→ **The task**:
Without its pictures, the listing below is to be transcribed exactly.

** Source material follows **

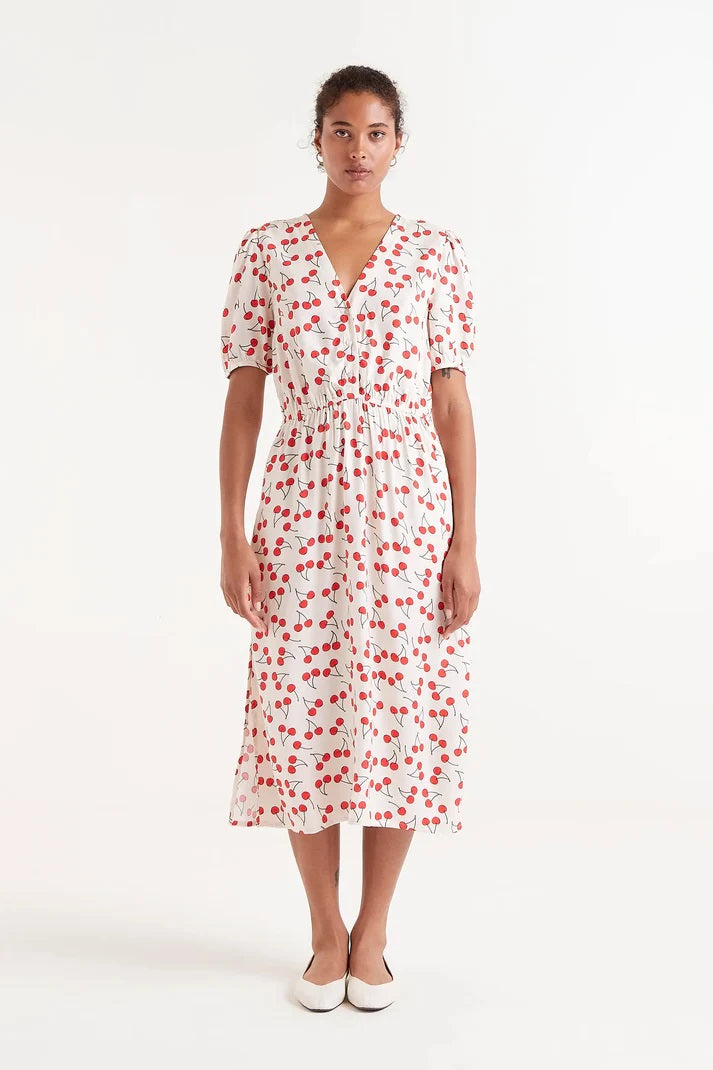 cherry print midi dress Jill Midi Dress - Cherry Print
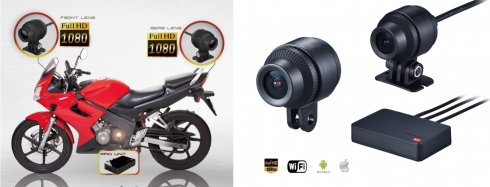 Cameră motocicletă Cameră duală (față + spate) Full HD + WiFi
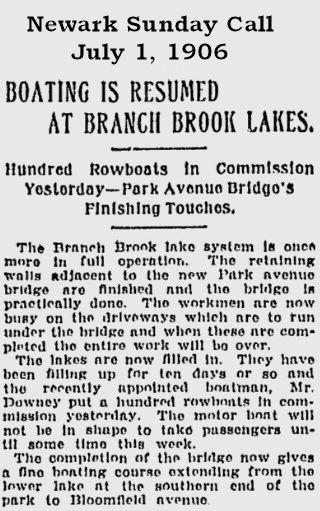 Boating Is Resumed At Branch Brook Lakes
July 1, 1906

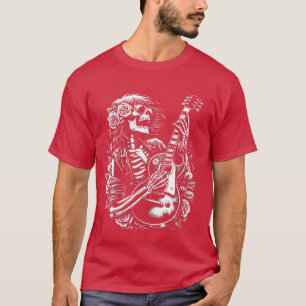 T-shirt Squelette punk jouant de la guitare électrique Roc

** End of Source material **

→ **Task response**:
 cherry print midi dress Jill Midi Dress - Cherry Print
 Cameră motocicletă Cameră duală (față + spate) Full HD + WiFi
 Boating Is Resumed At Branch Brook Lakes
July 1, 1906

 T-shirt Squelette punk jouant de la guitare électrique Roc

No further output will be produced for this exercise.